You can schedule learning rates for your PyTorch models. See custom learning rate scheduler classes in cerebras.framework.torch.optim.lr_scheduler.

Configuring learning rates

Learning rates can be configured much in the same way as in a typical PyTorch workflow. For example:

from modelzoo.common.pytorch.optim import lr_scheduler

optimizer: torch.optim.Optimizer = ...

scheduler = lr_scheduler.PiecewiseConstant(
    learning_rates=[0.1, 0.001, 0.0001],
    milestones=[1000, 2000]


Unlike a typical PyTorch workflow, Cerebras learning rate schedulers must be stepped every single iteration as opposed to every single epoch. This is done to match the behavior of Cerebras kernels more closely.

For example:

with cbtorch.Session(dataloader, mode="train") as session:
    for epoch in range(num_epochs):
        for inputs, targets in dataloader:
            outputs = model(inputs)
            loss = criterion(outputs, targets)
            scheduler.step()  # lr_scheduler step

Supported learning rate schedulers

The following is a list of supported learning rate schedulers, with their configuration parameters:


The parameter names listed here will differ from how they are specified in the configuration YAML files. The names used in the configuration YAML files were chosen to match the names used in TensorFlow. The names used in our custom classes match the names used in our kernels.

  1. Constant

    Required Params:

    • val: The learning rate.

    Optional Params:

    • decay_steps: The number of steps to use this learning rate. Does nothing if it is the last scheduler specified.

  2. Exponential

    Required Params:

    • learning_rate: The initial learning rate.

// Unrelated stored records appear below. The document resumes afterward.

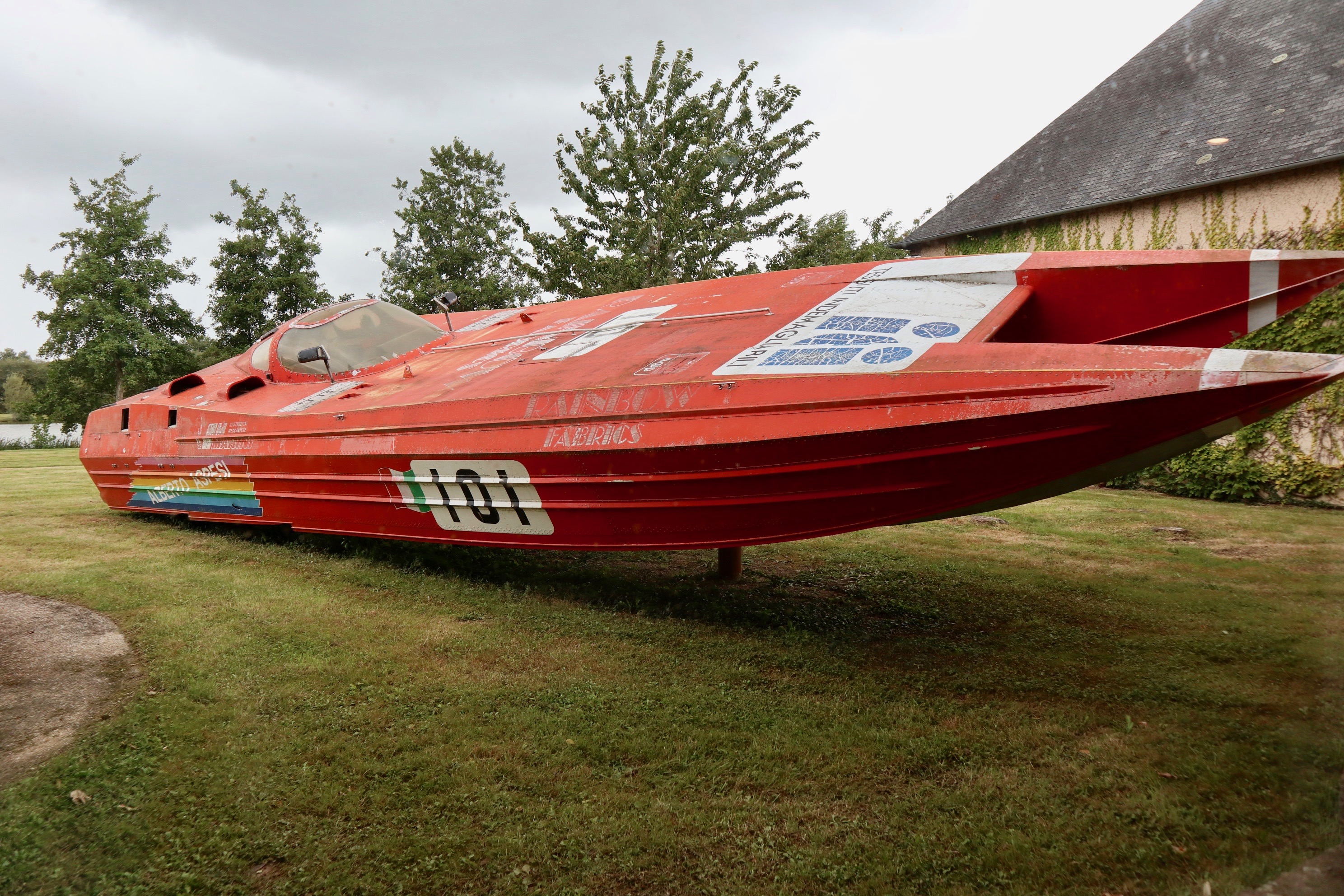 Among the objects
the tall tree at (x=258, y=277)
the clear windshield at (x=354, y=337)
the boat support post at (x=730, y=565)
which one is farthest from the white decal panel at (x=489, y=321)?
the tall tree at (x=258, y=277)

    • decay_steps: The number of steps to decay for.

    • decay_rate: The rate at which to decay.

    Optional Params:

    • staircase: Default value: False.

  3. PiecewiseConstant

    Required Params:

    • learning_rates: The learning rate values.

    • milestones: The step boundaries for which to change learning rate values.


      The number of learning rates must be exactly one greater than the number of milestones.

  4. Polynomial

    Required Params:

    • learning_rate: The initial learning rate.

    • end_learning_rate: The end learning rate.

    • decay_steps: The number of steps to decay for.

    • power: The exponent value of the polynomial.


      Only linear polynomial learning rate scheduling is supported at this time. That means that the only value of power that is supported is 1.0.